この事件以降、王族の失態が次々に明らかにされた。そして、フレデリックと共にヒガンバナを使っていたイザベルもその罪をとがめられ、結果的に死罪となった。イザベルだけならまだしも、彼女はすでに夫にも使用をすすめていたために、夫も巻き添えで死罪となった。自分は善良だと思っていても、悪い奴らとつるむとろくなことはないのである。

イザベルが裁判で弁明する前、いつものように姉であるクラウディアを頼ったそうだが、クラウディアは突っぱねたようだ。

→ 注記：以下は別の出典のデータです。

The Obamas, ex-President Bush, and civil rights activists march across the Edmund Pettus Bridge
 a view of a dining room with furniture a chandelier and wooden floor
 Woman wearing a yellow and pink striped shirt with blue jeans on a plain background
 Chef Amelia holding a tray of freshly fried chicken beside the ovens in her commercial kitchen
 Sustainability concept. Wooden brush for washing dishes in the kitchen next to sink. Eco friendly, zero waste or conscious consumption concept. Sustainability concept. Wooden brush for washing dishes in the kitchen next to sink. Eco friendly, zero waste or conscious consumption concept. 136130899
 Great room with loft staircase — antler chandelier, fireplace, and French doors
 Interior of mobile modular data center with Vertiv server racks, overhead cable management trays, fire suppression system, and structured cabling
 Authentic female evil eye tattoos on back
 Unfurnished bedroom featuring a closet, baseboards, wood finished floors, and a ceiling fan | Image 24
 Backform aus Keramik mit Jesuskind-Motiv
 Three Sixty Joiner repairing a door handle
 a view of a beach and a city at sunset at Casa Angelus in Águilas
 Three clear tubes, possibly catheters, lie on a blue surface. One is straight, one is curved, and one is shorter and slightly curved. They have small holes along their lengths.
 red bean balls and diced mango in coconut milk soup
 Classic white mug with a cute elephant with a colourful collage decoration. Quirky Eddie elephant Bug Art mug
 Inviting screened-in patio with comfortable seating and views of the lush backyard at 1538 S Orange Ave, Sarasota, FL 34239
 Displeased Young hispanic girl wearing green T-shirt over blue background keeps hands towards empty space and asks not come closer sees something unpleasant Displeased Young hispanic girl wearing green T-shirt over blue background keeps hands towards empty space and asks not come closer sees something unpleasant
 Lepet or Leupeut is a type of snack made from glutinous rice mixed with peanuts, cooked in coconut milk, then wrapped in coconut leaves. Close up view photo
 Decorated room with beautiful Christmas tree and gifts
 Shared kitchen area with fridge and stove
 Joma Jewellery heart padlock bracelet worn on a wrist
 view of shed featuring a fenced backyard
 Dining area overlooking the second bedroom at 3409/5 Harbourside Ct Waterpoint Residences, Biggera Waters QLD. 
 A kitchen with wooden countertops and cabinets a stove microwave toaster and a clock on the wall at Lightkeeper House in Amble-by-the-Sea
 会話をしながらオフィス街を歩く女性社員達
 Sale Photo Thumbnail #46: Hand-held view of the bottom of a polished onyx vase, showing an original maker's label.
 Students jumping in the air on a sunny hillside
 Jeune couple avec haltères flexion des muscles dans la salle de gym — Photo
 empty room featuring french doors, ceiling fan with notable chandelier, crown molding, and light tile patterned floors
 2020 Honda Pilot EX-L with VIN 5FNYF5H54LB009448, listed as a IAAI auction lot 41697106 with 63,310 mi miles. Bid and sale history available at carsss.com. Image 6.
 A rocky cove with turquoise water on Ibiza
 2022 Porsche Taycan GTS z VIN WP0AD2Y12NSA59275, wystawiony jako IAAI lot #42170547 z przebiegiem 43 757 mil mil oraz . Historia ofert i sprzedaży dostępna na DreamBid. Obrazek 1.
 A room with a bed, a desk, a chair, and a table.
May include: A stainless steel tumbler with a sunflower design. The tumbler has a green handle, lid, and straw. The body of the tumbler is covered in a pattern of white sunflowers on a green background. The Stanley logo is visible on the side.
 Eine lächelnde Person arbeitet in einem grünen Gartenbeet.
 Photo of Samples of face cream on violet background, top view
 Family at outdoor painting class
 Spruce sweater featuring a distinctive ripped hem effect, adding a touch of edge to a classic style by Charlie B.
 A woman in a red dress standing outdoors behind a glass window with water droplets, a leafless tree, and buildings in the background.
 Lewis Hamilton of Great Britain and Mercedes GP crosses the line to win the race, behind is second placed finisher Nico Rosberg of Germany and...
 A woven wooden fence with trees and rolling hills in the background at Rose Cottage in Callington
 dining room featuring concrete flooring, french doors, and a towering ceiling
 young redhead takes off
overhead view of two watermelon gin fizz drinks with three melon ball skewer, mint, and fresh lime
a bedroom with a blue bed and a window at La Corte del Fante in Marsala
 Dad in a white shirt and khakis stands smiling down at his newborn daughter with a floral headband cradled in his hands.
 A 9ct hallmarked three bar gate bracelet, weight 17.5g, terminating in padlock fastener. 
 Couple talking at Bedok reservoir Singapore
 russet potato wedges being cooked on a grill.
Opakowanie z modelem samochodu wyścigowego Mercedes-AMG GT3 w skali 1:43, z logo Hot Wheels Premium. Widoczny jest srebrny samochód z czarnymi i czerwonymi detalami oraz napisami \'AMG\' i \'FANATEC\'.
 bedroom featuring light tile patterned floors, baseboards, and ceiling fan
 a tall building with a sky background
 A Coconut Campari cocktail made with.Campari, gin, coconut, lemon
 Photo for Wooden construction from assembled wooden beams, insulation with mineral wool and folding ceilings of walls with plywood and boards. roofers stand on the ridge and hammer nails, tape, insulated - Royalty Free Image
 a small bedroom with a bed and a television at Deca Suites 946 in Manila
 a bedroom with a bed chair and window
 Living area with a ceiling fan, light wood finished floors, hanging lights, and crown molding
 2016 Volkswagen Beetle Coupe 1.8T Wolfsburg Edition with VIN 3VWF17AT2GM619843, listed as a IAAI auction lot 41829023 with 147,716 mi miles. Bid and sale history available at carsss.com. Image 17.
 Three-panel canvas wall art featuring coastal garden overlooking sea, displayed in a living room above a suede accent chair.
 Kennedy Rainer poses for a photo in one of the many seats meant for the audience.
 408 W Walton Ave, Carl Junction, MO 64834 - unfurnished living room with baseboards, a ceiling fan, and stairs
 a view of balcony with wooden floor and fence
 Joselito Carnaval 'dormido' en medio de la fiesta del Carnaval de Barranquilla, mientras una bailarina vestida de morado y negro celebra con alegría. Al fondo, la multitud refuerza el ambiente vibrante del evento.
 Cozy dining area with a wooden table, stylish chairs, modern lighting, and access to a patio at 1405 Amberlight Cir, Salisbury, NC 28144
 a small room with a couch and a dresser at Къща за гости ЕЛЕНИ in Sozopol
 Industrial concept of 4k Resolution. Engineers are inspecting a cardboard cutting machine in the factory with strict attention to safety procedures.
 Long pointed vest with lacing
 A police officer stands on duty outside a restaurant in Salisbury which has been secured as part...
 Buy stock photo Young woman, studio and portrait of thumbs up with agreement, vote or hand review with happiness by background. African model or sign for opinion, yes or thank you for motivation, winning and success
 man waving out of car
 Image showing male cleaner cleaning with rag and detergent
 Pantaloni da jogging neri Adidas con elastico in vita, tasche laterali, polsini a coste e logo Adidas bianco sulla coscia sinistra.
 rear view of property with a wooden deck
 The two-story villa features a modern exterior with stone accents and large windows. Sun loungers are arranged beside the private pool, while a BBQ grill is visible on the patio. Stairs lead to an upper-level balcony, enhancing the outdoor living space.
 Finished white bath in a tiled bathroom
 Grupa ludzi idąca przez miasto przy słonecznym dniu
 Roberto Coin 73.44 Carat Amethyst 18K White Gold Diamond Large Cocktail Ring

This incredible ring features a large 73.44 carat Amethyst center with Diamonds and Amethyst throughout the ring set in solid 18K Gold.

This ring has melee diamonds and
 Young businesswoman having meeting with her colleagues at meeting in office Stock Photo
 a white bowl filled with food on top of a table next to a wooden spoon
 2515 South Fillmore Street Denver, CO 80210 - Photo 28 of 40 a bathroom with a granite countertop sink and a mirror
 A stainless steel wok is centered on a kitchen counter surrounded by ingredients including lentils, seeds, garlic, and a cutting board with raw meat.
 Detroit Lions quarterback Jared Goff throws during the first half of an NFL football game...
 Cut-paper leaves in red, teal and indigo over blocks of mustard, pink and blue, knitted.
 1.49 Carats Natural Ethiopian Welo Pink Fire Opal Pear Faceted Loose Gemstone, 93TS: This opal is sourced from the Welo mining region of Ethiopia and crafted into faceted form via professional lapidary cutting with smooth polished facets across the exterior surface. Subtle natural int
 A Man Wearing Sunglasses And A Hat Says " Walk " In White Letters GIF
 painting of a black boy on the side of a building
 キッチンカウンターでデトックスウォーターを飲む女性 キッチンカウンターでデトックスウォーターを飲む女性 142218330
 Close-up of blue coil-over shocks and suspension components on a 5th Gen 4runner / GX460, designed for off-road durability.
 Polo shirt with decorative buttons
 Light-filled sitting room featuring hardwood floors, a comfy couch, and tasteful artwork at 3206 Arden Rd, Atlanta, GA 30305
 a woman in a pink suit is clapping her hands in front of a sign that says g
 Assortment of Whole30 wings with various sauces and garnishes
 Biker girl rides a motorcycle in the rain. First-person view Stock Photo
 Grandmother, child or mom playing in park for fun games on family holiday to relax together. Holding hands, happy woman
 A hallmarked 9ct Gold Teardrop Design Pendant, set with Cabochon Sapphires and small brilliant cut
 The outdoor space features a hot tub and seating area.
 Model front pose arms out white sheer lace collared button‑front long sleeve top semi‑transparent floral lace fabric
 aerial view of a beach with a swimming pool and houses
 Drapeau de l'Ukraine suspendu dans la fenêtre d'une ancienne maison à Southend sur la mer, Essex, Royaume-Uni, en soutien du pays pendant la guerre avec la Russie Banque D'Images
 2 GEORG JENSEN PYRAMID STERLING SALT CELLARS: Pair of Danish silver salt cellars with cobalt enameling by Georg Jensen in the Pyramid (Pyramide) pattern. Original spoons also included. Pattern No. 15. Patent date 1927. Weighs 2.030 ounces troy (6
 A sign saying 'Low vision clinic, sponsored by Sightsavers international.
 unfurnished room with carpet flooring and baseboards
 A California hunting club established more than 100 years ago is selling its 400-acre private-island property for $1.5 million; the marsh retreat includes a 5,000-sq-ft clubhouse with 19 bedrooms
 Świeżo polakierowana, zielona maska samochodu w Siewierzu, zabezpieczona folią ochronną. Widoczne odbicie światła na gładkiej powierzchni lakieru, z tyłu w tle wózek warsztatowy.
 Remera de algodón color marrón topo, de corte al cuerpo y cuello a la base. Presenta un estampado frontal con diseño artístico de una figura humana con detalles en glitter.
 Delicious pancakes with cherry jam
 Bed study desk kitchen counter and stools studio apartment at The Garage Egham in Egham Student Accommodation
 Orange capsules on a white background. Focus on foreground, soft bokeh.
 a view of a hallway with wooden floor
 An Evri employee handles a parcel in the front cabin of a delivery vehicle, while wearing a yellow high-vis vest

「お姉様。どうか助けてください。もう二度とヒガンバナは使いませんし、まっとうに生きていきます。どうかお姉様からもお願いして、わたしを死罪から救って……」


「はあ……? 私の婚約者を寝取っておいて、都合のいいときだけ助けてもらいたいだなんて、笑えるわ。どれだけ傷ついたと思ってんの。あなたの自己責任。道を踏み外すのが当たり前になっている人間にとって、罪の恐怖はあまりにもお似合いね。安心なさい。あなたを彩るのが化粧台ではなく断頭台に変わっただけよ。それに……償う時間があるだけましだと思いなさい……フレデリック様が欲しかった時間が……あなたにはあるんだから」


「ああ……本当にごめんなさい……お姉様。フレデリック様とわたしの関係を……知っていらしたのですね。わたしはきっと地獄に行くのですね……」


「地獄がどんな場所か知ってて? あなたなんかに耐えられないわよ。なぜなら、地獄に耐えられない人間が行くのが、地獄なんだから……」


「うううう……申し訳ありませんでした、お姉様……」


こうしてヒガンバナを使用した貴族たちはイザベルをはじめとして処刑された。横暴を働きすぎた王族も追放され、権力を持つ貴族たちによる貴族制が成立した。クラウディアは王族のヒガンバナ使用を告発した勇敢なる女性として崇められ、貴族政治の一翼を担うこととなった。浮気をしない誠実な男とも再婚することができ、幸せな生活を送ったのであった。





追伸
近衛兵Aの行方は誰も知らない。